En mal de clients, le monde des magasins bio se concentre 

Les petites chaînes de spécialistes périclitent sous la pression de la baisse du marché. Les leaders retrouvent de la croissance sans pour autant reprendre une expansion massive.

Carrefour a racheté Bio c'Bon.
Carrefour a racheté Bio c’Bon. (Allili Mourad/SIPA)

Coup sur coup, les deux premiers spécialistes du marché ont perdu leur patron cet été. Sylvain Ferry, le directeur général de Biocoop, a rejoint Système U. Son homologue chez Naturalia, le centralien Allon Zeitoun, est parti et sans indiquer sa destination. Certains y voient la conséquence de la poursuite de la crise du bio en France. Une récession qui n’épargne pas les grandes surfaces alimentaires généralistes dont les ventes sur ce créneau sont repassées sous la barre des 4 %.

« Une ineptie », a répondu sur LinkedIn le président de Biocoop Pierrick De Ronne au sujet du départ de son dirigeant. Naturalia évoque, de son côté, un passage de témoin avec le directeur du réseau Richard Jolivet, après un mandat de presque dix ans. Personne ne commente la situation de Casino , le groupe sous le régime de la conciliation auquel appartient Monoprix, la maison mère de l’enseigne.

Rationalisation des réseaux

Dans le bio, la récession s’installe. Les ventes ont plongé de 12 % en 2022 chez les spécialistes et de 7 % dans les rayons des hypermarchés. Le marché est toujours dans le dur. L’institut Circana annonce une baisse des volumes de 13 % de janvier à juillet dans les supers et hypermarchés qui représentent 55 % du marché.

Dans un monde de l’alimentation qui connaît, au global, une inflation de plus de 20 % sur deux ans, les produits bio qui sont en moyenne 50 % plus chers que la production conventionnelle sont victimes des arbitrages des consommateurs. Tous les magasins souffrent. Cependant, comme souvent, les petits trinquent et les gros résistent, voire se renforcent.

« Nos deux enseignes progressent », assure Benoît Soury, directeur du bio chez Carrefour, numéro un du marché avec ses supers et hypermarchés et aussi les chaînes So. bio et Bio c’Bon. Cet ancien de la Vie Claire rappelle que les 36 naturéO ont été placés sous procédure de sauvegarde en mai et que la vingtaine de magasins « L’Eau Vive » ont fait de même en juin. En région parisienne, Les Nouveaux Robinsons ont été liquidés fin 2022.
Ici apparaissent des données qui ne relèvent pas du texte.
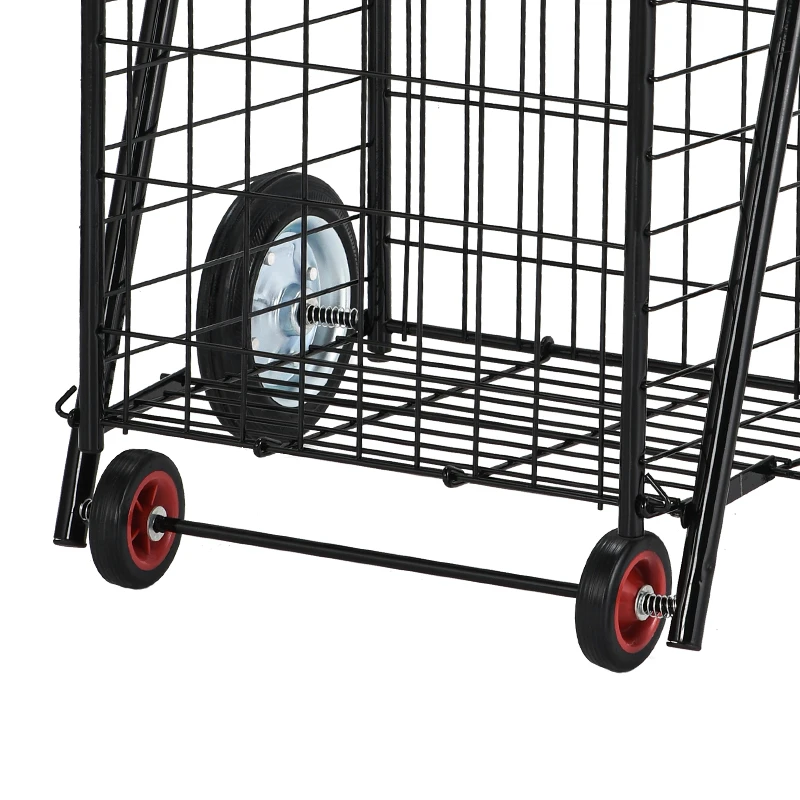 Foldable Large Shopping Cart Grocery Market Trolly Portable Shopping Trolley Market Grocery Kereta Troli Pasar (Black)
Les leaders ont arrêté leurs programmes d’expansion au profit d’une rationalisation de leur réseau. Naturalia est passé de 250 à 230 magasins. Biocoop (plus de 700 unités) a connu autant de créations que de fermetures en 2022 et a poursuivi le réajustement de son parc en 2023. So. bio et Bio c’Bon ont stabilisé leurs effectifs à respectivement 75 et 85 unités. Pour eux, le développement se limite pour l’heure au rachat de concurrents en déshérence.

Logique du « bio + »

La concentration paie. Les militants de « la bio » n’ont pas fui. Une inflation 20 % moins élevée que celle du conventionnel et une politique de prix bas, notamment sur les fruits et légumes, séduit les sympathisants. Jusqu’en juin, avant un tassement en juillet et août, les ventes de Naturalia progressaient de 5 % par mois. Le nouveau concept « La ferme » affiche des hausses de 10 % par rapport à un magasin ancienne version grâce à un merchandising qui met en avant les petits tarifs. « Nous offrons 150 prix bas et 700 références en promotion », indique un porte-parole qui poursuit : « Notre beurre à moins de trois euros les 250 grammes a progressé de 120 %. »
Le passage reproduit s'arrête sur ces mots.